Apple iPad Cannibalizing Notebook Sales, Best Buy CEO Says
Best Buy's CEO says Apple's iPad sales are eating into notebook and netbook sales; more tablets are on the way.
In a report that suggests fears of tablet computers biting into the notebook and netbook markets is justified, Best Buy CEO Brian Dunn told The Wall Street Journal that Apple's iPad has "cannibalized" sales of notebooks by as much as 50 percent. Dunn told the paper that sales of smartphones and portable computers continued to rise, thanks in part to devices like the iPad.
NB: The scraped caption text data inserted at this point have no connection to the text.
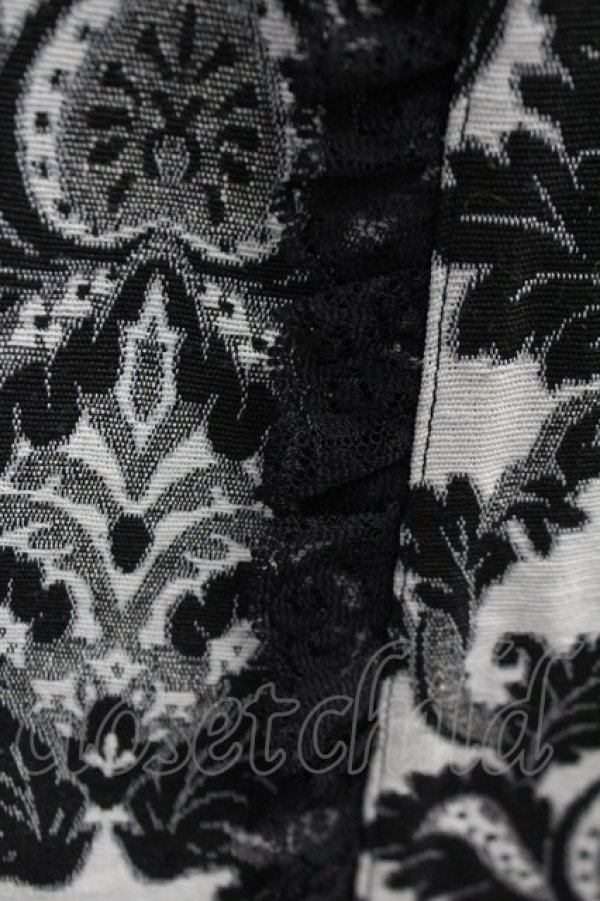 画像3: Ank Rouge / レースツイードスカート M ブラック T-25-05-23-017-CA-SK-SA-ZT094 (3)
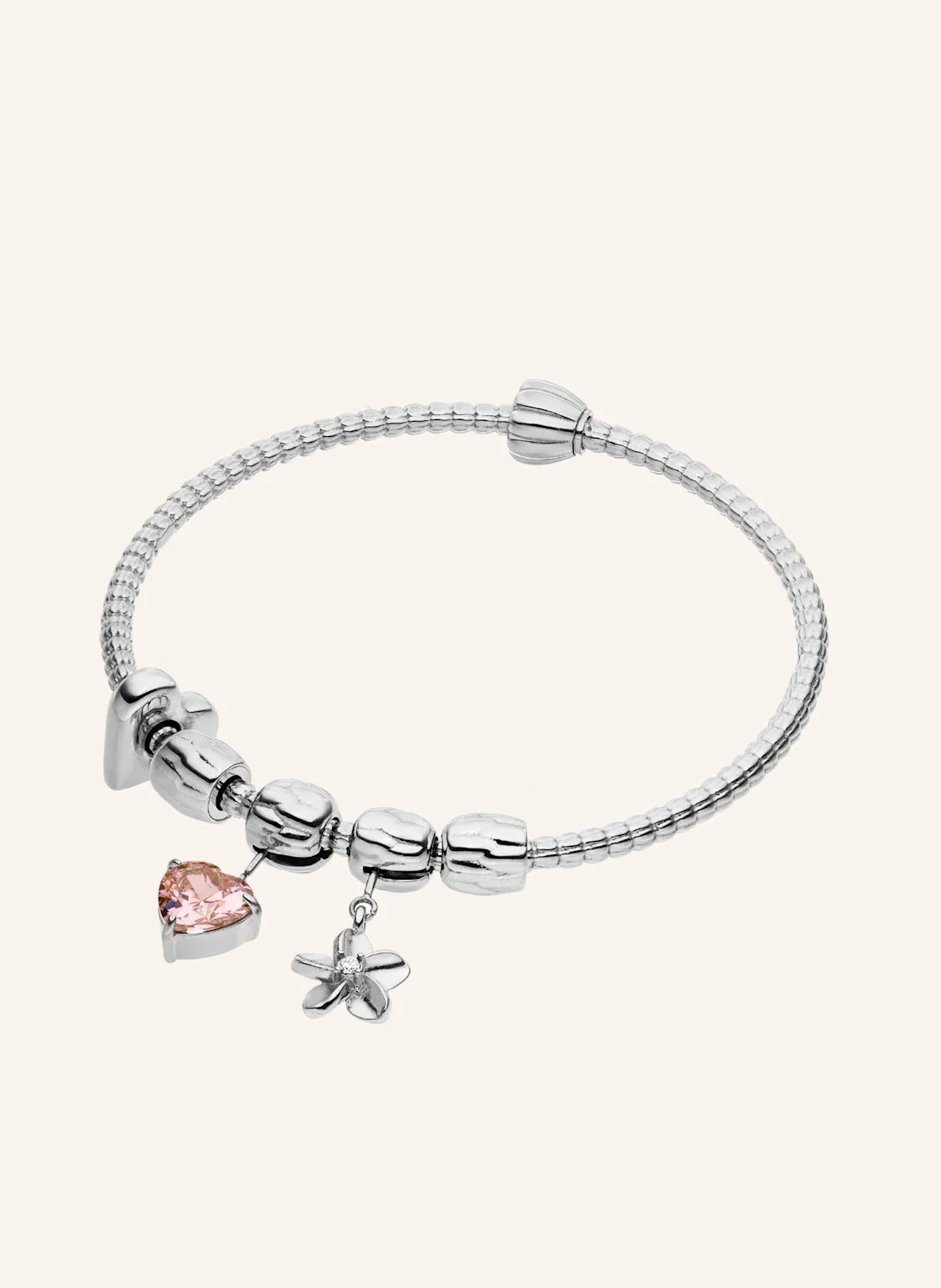 PURELEI Armreif-Set LEI GLITTER HEART S-M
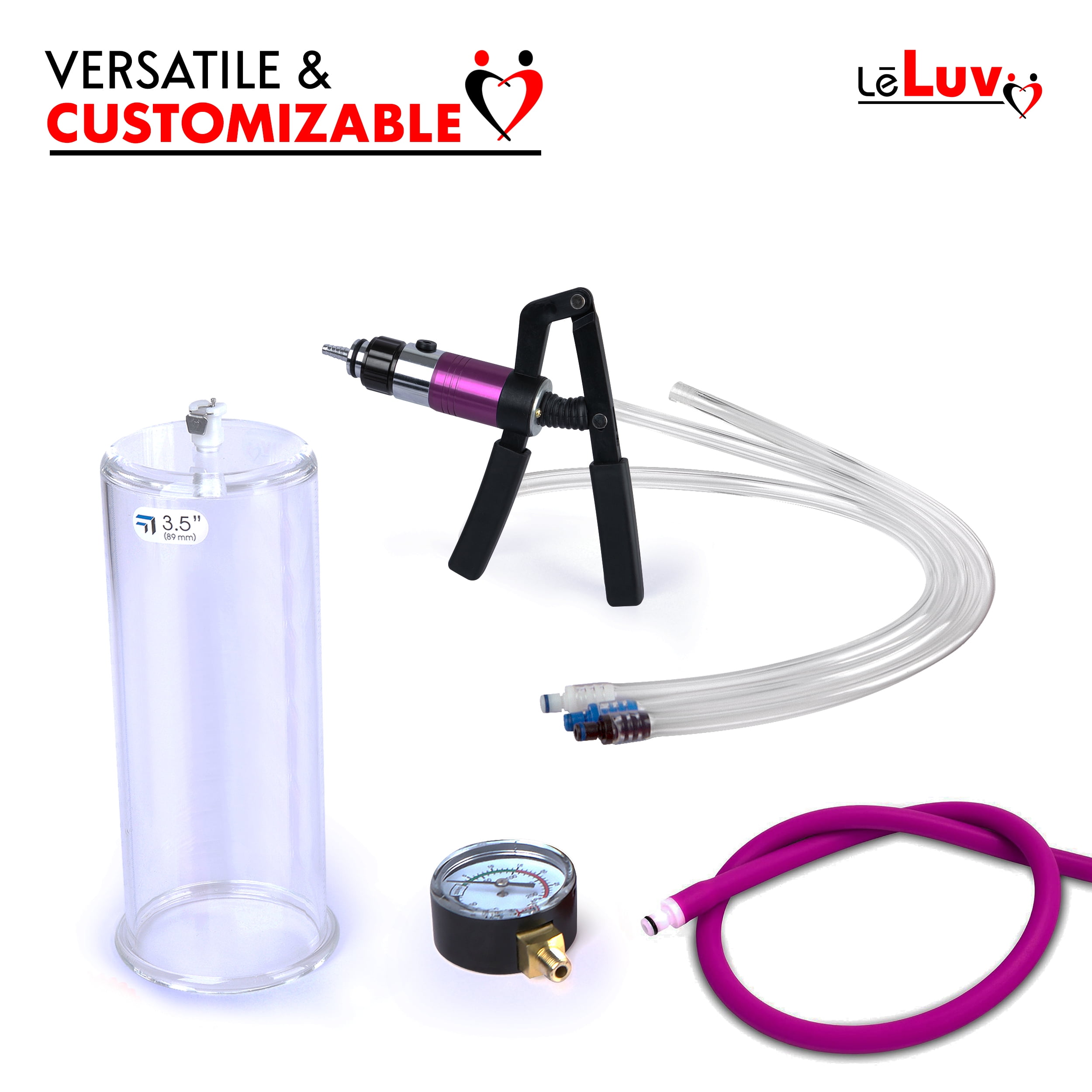 LeLuv Primo Pro+ Advanced Dual Vacuum and Pressure Pump with 60mm Gauge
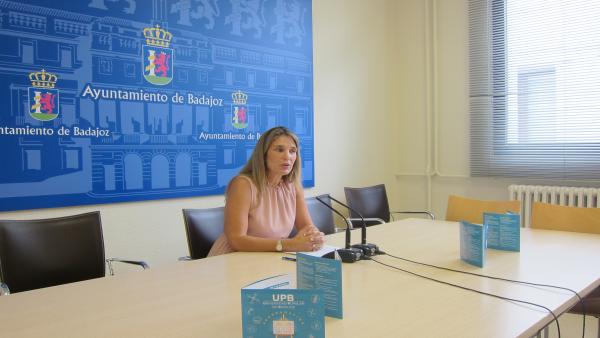 Blanca Subirán en la presentación de actividades de la Universidad Popular de Badajoz Blanca Subirán en la presentación de actividades de la Universidad Popular de Badajoz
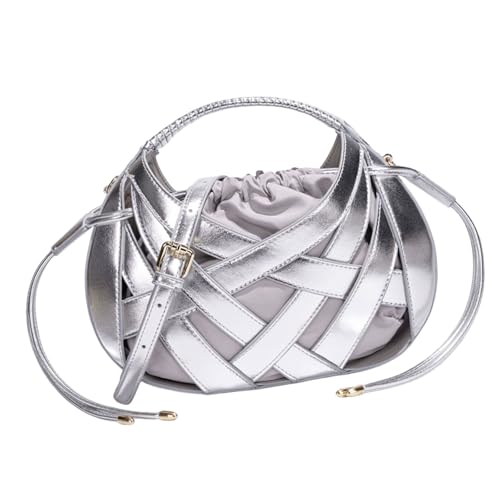 Sac à bandoulière argent pour les déplacements quotidiens taille M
It's a very different environment now," the chief electronics analyst for market researcher NPD Group Stephen Baker told the Journal. "The real cool stuff now will be the tablets, e-readers and probably the higher-end digital cameras." A July report from a Barclays Capital analyst said Apple would sell about 20 million iPads in 2011, negatively affecting lower-cost notebooks as well as the netbook market. Other analysts have also suggested growth for the tablet PC market, with research firm IDC estimating that worldwide media tablet shipments would total 46 million units in 2014. "IDC expects consumer demand for media tablets to be strongly driven by the number and variety of compatible third-party apps for content and devices," analyst Susan Kevorkian wrote in a May statement.A report by research firm iSuppli came to a similar conclusion. This year, the firm said it expects the iPad to account for 74.1 percent of global tablet shipments, with the remaining portion going to "a mix of older PC-type tablet products and competitive slates." In 2011, as the competition begins seriously filling out, iSuppli still expects Apple to command 70.4 percent of the market, and nearly two-thirds market share through 2012. At present, while a number of tablet devices are set to launch - running Windows 7, Android and webOS - iSuppli said it believes none of these are ready to be serious competitors to the iPad.